Icon Offshore: Wins RM36m contract from Petronas Carigali. Icon Offshore has secured a RM36m contract from Petronas Carigali SB to provide an offshore support vessel for petroleum arrangement contractors’ production operation. It said the contract has a firm period of 695 days, expiring on Aug 1, 2021, with extension option of “one year plus one year”. Icon Offshore managing director Datuk Seri Hadian Hashim said as the industry recovers, the group hopes to secure more contracts through delivering value-added services to clients. (The Edge)

Sentoria: To raise up to RM17m via private placement. Sentoria Group, property developer and operator of Bukit Gambang Resort City in Pahang, has proposed to raise up to RM16.6m via a private placement of up to 10% of its total issued shares to third party investor(s) to be identified later. Sentoria said proceeds from the proposed private placement will be used for working capital. It said the proposed private placement entails the issuance of up to 77.3m new shares, representing not more than 10% of its total issued shares at an issue price to be determined later. (The Edge)

Construction (Neutral): Sector growth momentum to pick up - CIDB. The construction industry is expected to grow by about 5% by end-2019, compared with last year’s growth of 4.2%, said Construction Industry Development Board (CIDB) CEO Datuk Ir Ahmad Asri Abdul Hamid. He said the trend would continue until the 1H of next year, given the current wait and see approach adopted by both local and foreign investors. “However, the momentum is expected to pick up by the 2H of 2020 as the government has already approved certain projects. So, I am positive on its outlook,“ he said. (SunBiz) 

Market Update

The FBM KLCI might open higher today after an afternoon rally last Friday handed the S&P 500 its biggest one-day gain in nearly two months as the latest US jobs figures helped allay concerns about a domestic and global slowdown that have been brewing for most of the week.
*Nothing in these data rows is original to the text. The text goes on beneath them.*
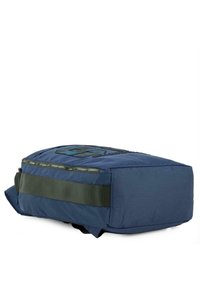 Bolsa de tela azul marino con forma rectangular, que cuenta con una correa verde, detalles de cremallera y un logotipo en relieve en la superficie.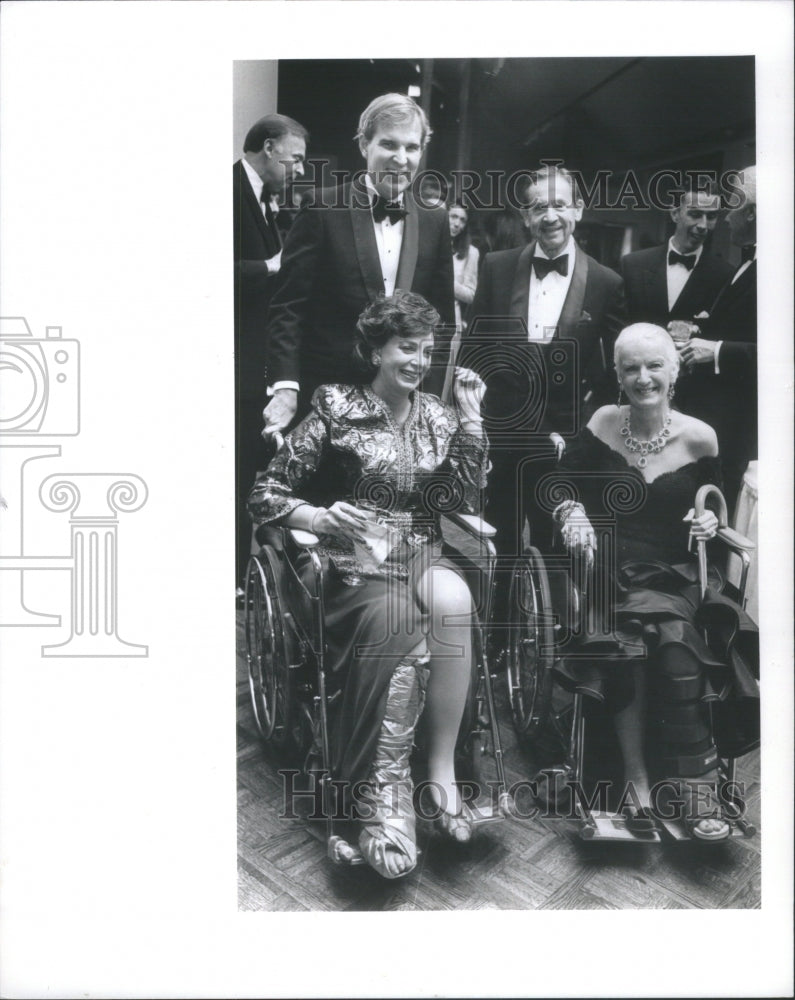 1998 Press Photo Two Lady Parto-goers in Wheelchairs - RRU73987 - Historic Images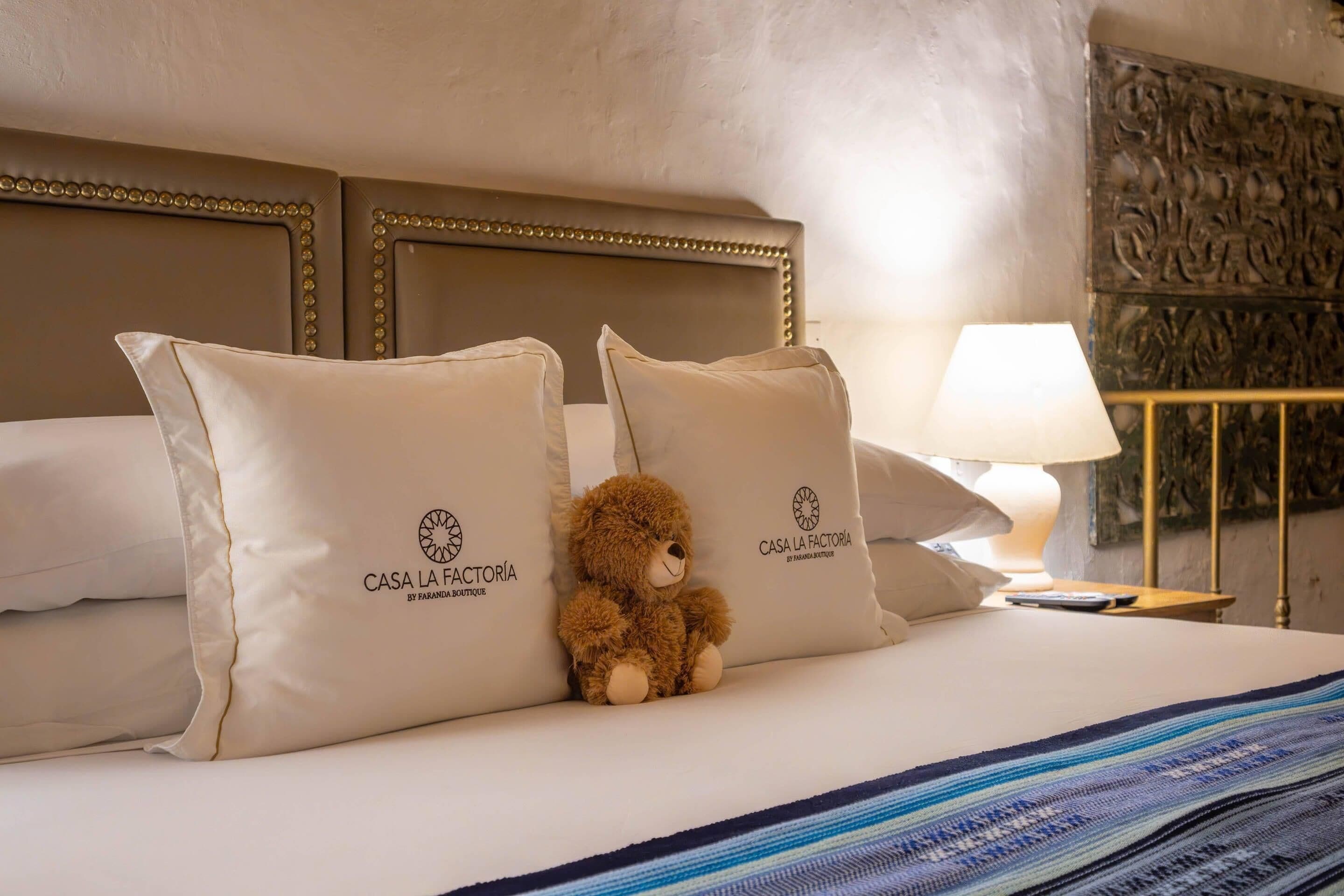 A bed with two pillows labeled 'CASA LA FACTORIA,' a plush teddy bear, a bedside lamp, and a patterned bedspread.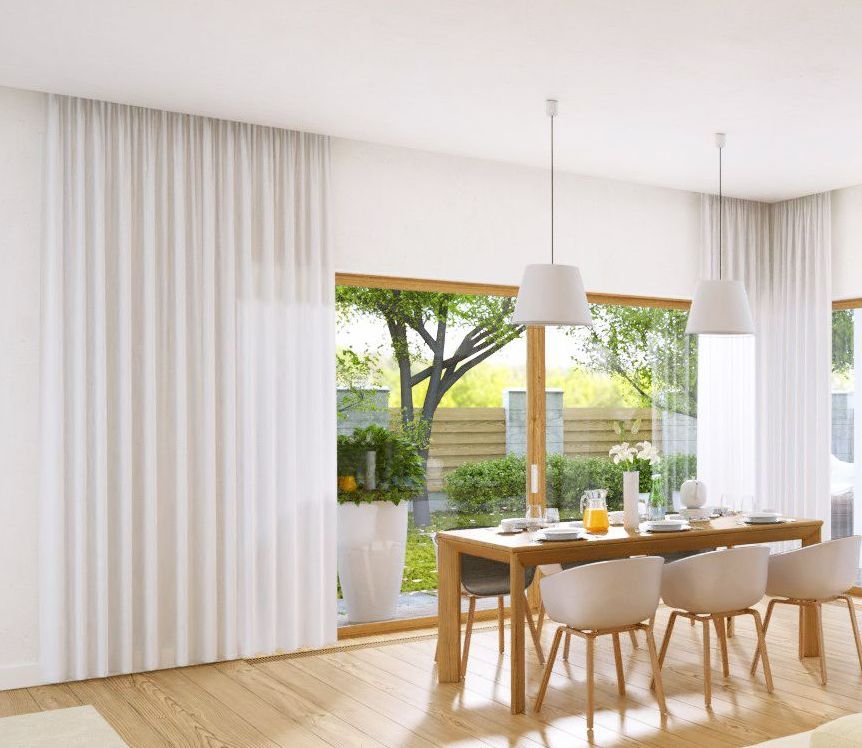 A Dining Room With a Table and Chairs and White Curtains — TT Shutters & Shading In Yamba, NSW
The S&P 500 finished 1.4% higher on Friday in a broad-based rally that lifted all sectors. It was the benchmark’s largest one-day rise since mid-August. The Nasdaq Composite and Dow Jones Industrial Average each closed 1.4% higher. That trimmed the S&P 500’s weekly decline to 0.3%, recovering some of the ground conceded earlier in the week when soft economic data triggered a sell-off across global stock markets. It was still the index’s third consecutive weekly drop. The gains in equities came in the wake of non-farm payroll data this morning that showed 136,000 jobs were added in September, from an upwardly-revised 168,000 in August, and the unemployment rate fell to 3.5% — its lowest in 50 years. The annual pace of wage growth cooled, though. Elsewhere in markets, European stocks finished higher, with the composite Stoxx 600 up 0.7%, Germany’s Dax up 0.7% and the Cac 40 in Paris up 0.9%. In London the FTSE 100 finished 1.1% higher, but still chalked up its biggest weekly fall in a year.

Back home, the FBM KLCI index lost 6.45 points or 0.41% on Friday. Trading volume decreased to 2.05bn worth RM1.60bn. Market breadth was negative with 404 gainers as compared to 409 losers. Hong Kong-listed equities fell as the city’s political crisis deepened, with chief executive Carrie Lam invoking emergency powers to ban protesters from wearing face masks. The territory’s Hang Seng index was down 1.1%, with new data showing business confidence in Hong Kong had slumped to a seven-and-a half year low following months of political unrest. Meanwhile, Japan’s Topix added 0.3%, while China’s onshore stock market remained closed for a holiday.